Available data START
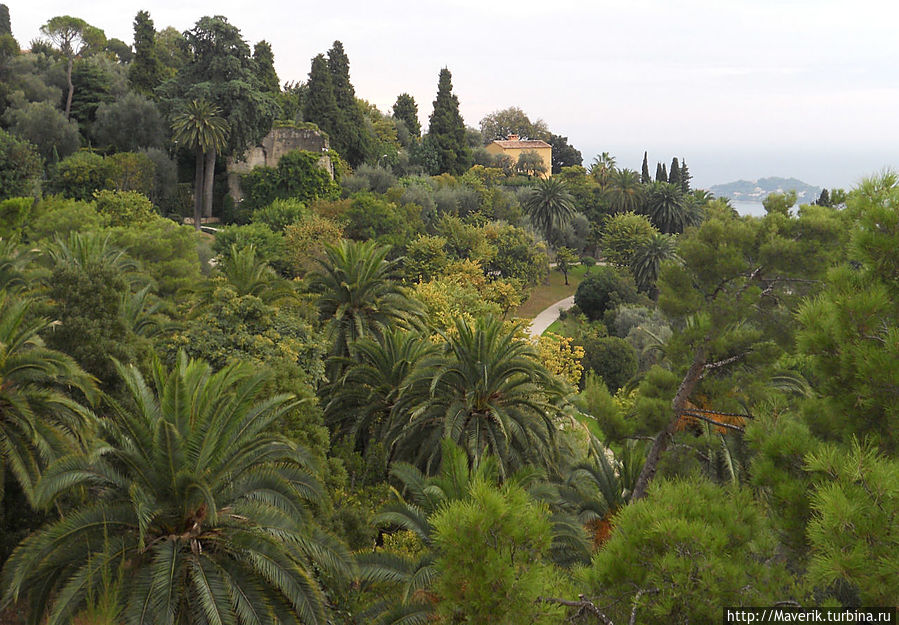 Всё утопает в зелени. Здесь много садов и парков.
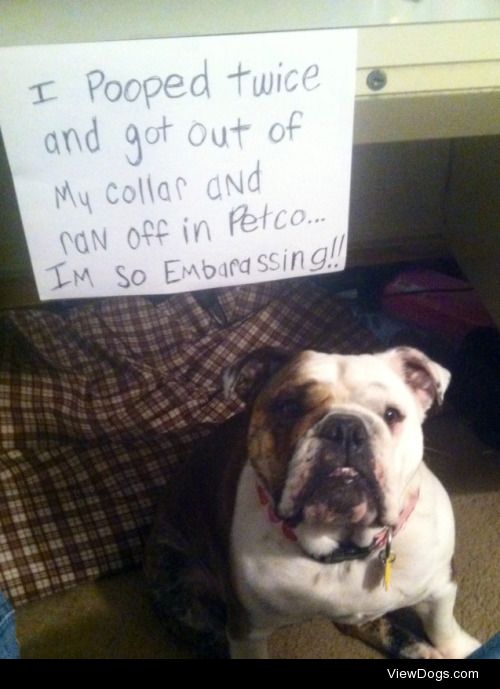 Bulldodging the enemy

I took my English Bulldog Piggy into…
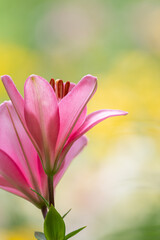 ピンク色の百合の花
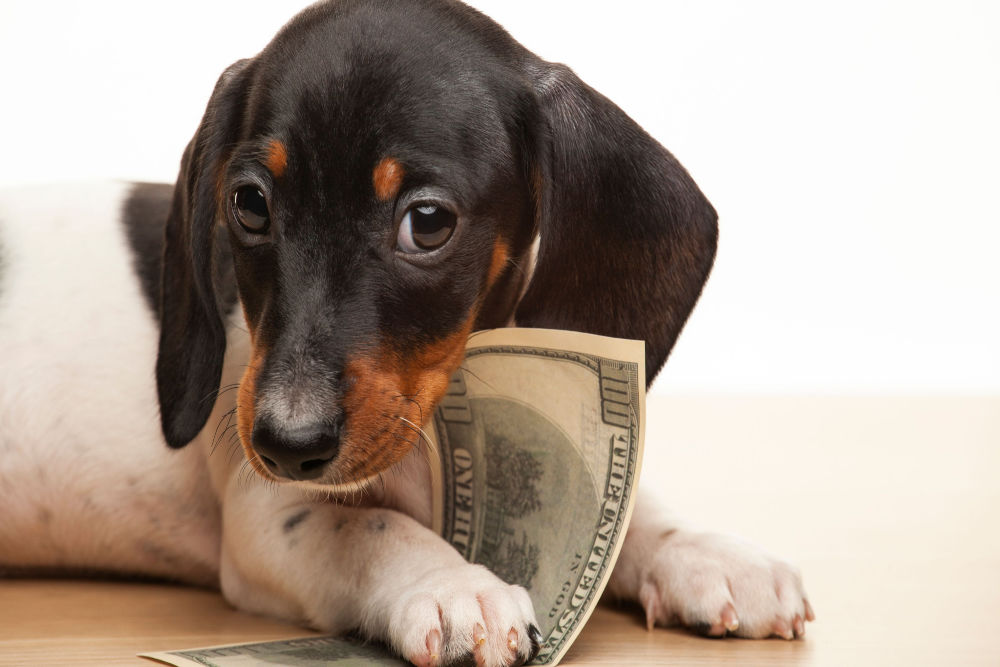 Pet Finance: Budgeting For Your Furry (or Feathery) Family Members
Available data END
## What to do
The lines to return run from the line containing "I took my English Bulldog Piggy into…" through the last line of the records. Give them exactly, omitting pictures.

## Completed exercise
I took my English Bulldog Piggy into…
 ピンク色の百合の花
 Pet Finance: Budgeting For Your Furry (or Feathery) Family Members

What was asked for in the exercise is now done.